For the past four years, Hiens served as a student pastor to a 100 plus ministry in Union City, Tenn.

"God led us out of student ministry with that experience in hand to use to minister to families from the pastorate position," said Hiens.

As a teenager, Hiens said he mocked Christianity and wanted nothing to do with it. At 16, he accepted Christ at a youth Bible study.

"It was the fellowship, warmth and love of other teenagers that kept drawing me back and allowed me sit under God honored teaching," he added.

Hiens acknowledged the call to preach when he was a senior in high school.

"I attended Camp Centrifuge in North Carolina and that is where God called me to the ministry," he said.

Born in Lexington, Ky., the pastor moved to Jackson, Tenn., in 1999 and graduated from Union University with a degree in student ministries and a minor in family studies.

The pastor and his wife Cherry met at college. Cherry majored in Christian studies and minored in physical education.

"I was adopted by a minister at age 4 and grew up in a Christian home in Greenville, Miss.," she said. "I had head knowledge, but not heart knowledge. Two weeks before I went to Union University, I got saved."

The couple is expecting their first baby in June.

Cherry's talents include singing and piano and she has a passion to teach women what it means to be a godly wife and mother.

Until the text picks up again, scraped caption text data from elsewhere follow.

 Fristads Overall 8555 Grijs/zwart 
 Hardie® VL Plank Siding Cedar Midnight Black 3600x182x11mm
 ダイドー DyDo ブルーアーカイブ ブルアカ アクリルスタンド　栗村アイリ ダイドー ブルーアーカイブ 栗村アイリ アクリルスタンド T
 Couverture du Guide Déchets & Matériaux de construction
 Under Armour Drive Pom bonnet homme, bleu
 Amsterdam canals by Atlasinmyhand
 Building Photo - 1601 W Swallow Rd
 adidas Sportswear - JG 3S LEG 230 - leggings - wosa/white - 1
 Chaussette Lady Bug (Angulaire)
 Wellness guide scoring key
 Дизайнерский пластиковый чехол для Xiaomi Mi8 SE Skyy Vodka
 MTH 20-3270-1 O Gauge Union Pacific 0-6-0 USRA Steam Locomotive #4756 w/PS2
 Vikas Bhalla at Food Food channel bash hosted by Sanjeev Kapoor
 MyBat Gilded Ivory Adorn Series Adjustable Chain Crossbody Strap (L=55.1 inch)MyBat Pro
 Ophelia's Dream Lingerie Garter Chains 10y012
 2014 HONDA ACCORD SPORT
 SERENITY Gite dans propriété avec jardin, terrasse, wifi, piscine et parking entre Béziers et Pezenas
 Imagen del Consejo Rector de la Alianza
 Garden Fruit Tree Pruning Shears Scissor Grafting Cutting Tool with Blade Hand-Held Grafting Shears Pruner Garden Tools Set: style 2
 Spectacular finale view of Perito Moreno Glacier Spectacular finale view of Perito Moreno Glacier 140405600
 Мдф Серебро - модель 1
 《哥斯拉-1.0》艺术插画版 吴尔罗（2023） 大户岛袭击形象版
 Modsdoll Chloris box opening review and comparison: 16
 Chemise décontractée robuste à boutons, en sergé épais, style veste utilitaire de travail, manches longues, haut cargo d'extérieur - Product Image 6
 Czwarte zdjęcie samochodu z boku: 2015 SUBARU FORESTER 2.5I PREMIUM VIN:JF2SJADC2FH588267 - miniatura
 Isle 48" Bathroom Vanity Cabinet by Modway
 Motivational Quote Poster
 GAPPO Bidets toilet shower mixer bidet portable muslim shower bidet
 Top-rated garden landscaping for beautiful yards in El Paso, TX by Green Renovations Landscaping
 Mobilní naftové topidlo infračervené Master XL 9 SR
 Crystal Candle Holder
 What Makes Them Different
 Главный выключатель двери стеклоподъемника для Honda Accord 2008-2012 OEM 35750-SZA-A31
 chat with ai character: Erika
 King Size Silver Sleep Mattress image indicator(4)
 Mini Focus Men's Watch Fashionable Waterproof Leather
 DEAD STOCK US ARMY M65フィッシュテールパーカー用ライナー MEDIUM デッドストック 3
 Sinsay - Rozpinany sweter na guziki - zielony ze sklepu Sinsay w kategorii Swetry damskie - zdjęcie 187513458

"Cherry's support in our ministry is priceless," said her husband.

Hiens has a desire to see High Point Baptist become a global-minded church.

"I believe we will be a church that thinks way beyond the walls of this building, that embraces a community, a nation, and a world with the gospel," he said.

Looking forward, Hiens said he believes that the church will fill its facility and begin to send out and start new churches in the community.

"We plan to meet the needs by day to day relationships - by intentional evangelism, a matter of realizing that every meeting with someone is a mission opportunity," he said.

 The pastor explained that the plan involves learning how to build relationships with the people in your neighborhood or at work, inviting them to church and sharing the difference that Christ has made.

Hiens said that his desire, first and foremost, is to bring glory to the Lord through biblical worship.

"In 2008, our focus will be on prayer and many of the services and special events will be tied into a prayer theme," he said. "The truth is, the only thing that will give a church power is prayer."

In January, the church will move into 40 days of fasting and prayer.

"I am asking people to take one day a week and dedicate it to prayer," said the pastor. "I am asking men to pray like never before as the spiritual leaders of the church."

Hiens' advice to families is to keep Christ at the center.

"It's important to be a family of prayer and for parents to know that ultimately they have the greatest responsibility to teach their children what it means to live for Christ," he said.

High Point Baptist Church offers Sunday school at 9:45 a.m., followed by worship at 11 a.m. and an evening service on Sunday and Wednesday. The community is invited to attend the children's musical on Dec. 9, the adult Christmas musical on Dec. 16 and the candlelight service on Christmas Eve.